**WORK TASK**
Return the run of lines below that opens with the line containing "지난 7일 화성시청,  ‘화성시" and closes with the line containing "57 Hauraki Road, Oneroa, Waiheke", keeping each one exact.

**ENTRIES PROVIDED**
::::::

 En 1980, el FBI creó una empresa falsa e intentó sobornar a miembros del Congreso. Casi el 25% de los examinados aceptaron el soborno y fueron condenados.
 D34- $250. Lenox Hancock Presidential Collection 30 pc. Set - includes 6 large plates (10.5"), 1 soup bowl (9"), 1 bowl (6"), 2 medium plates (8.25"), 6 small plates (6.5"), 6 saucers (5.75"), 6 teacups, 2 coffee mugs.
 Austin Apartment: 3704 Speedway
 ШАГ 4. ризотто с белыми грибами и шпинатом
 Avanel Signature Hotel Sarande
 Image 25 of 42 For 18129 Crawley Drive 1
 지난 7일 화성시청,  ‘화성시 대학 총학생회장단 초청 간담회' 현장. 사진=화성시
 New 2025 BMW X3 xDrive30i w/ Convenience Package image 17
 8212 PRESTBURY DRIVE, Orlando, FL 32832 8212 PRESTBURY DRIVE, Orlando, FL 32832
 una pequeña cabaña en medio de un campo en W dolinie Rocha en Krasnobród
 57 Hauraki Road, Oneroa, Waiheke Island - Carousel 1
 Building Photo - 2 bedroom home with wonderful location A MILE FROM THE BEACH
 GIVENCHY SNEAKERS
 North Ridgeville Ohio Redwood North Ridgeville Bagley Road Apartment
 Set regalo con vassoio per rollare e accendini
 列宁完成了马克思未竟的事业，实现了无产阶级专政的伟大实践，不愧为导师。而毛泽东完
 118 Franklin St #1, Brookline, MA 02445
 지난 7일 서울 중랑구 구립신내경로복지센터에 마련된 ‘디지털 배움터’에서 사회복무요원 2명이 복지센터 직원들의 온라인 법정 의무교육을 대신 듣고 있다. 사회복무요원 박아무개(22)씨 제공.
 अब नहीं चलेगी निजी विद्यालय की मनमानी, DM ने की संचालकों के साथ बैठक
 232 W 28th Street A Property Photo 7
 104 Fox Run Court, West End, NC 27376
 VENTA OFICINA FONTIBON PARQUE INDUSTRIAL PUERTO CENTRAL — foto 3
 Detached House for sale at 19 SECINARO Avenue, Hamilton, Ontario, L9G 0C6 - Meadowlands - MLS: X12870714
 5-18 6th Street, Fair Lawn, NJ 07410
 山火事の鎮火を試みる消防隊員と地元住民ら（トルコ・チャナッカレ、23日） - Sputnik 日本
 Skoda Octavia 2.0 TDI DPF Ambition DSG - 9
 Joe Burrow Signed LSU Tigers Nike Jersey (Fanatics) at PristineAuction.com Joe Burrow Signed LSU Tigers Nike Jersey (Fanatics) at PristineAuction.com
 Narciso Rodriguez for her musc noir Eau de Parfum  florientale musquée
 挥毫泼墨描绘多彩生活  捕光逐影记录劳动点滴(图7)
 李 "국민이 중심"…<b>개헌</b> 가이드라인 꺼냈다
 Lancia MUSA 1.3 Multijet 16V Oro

::::::

**TASK RESULT**
 지난 7일 화성시청,  ‘화성시 대학 총학생회장단 초청 간담회' 현장. 사진=화성시
 New 2025 BMW X3 xDrive30i w/ Convenience Package image 17
 8212 PRESTBURY DRIVE, Orlando, FL 32832 8212 PRESTBURY DRIVE, Orlando, FL 32832
 una pequeña cabaña en medio de un campo en W dolinie Rocha en Krasnobród
 57 Hauraki Road, Oneroa, Waiheke Island - Carousel 1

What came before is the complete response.